** INPUT **
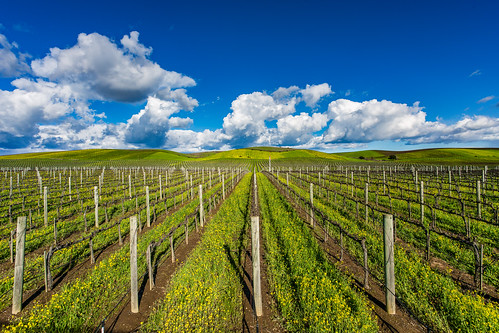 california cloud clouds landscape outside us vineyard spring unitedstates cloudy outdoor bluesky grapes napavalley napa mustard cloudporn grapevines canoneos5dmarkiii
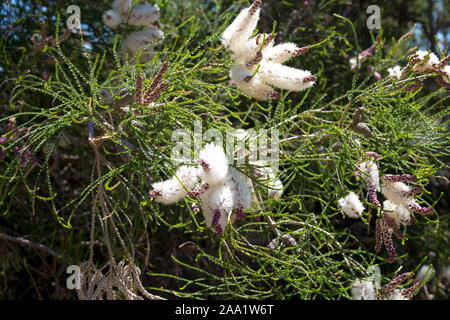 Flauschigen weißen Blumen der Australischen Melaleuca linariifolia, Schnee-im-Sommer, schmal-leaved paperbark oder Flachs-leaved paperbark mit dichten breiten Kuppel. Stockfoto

--

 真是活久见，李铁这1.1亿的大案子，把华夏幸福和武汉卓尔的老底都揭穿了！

==

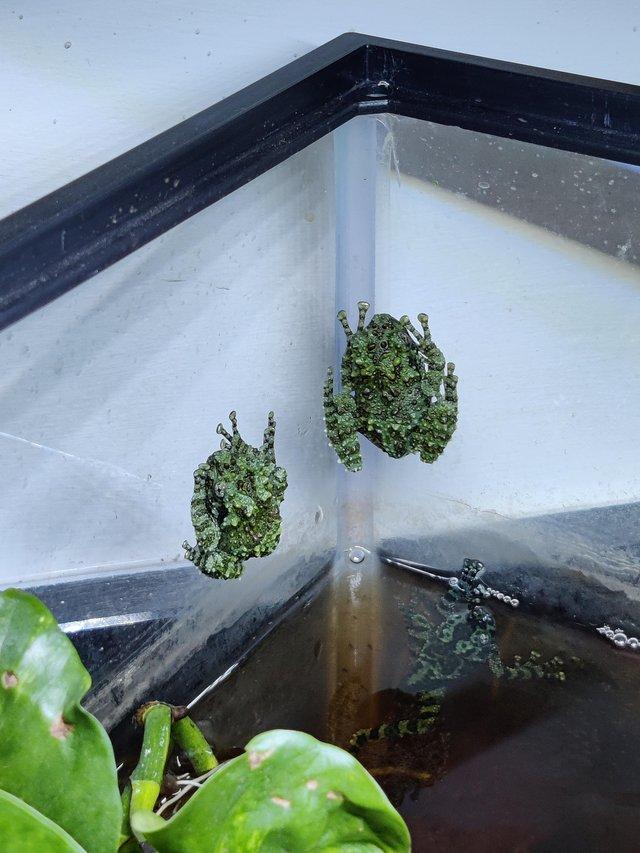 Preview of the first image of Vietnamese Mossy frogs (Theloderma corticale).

** ASSIGNED TASK **
Give exactly the lines above that run from the line with "california cloud clouds" to the line with "Flauschigen weißen Blumen", both included, leaving every picture out.

** RESULT OF THE EXERCISE **
 california cloud clouds landscape outside us vineyard spring unitedstates cloudy outdoor bluesky grapes napavalley napa mustard cloudporn grapevines canoneos5dmarkiii
 Flauschigen weißen Blumen der Australischen Melaleuca linariifolia, Schnee-im-Sommer, schmal-leaved paperbark oder Flachs-leaved paperbark mit dichten breiten Kuppel. Stockfoto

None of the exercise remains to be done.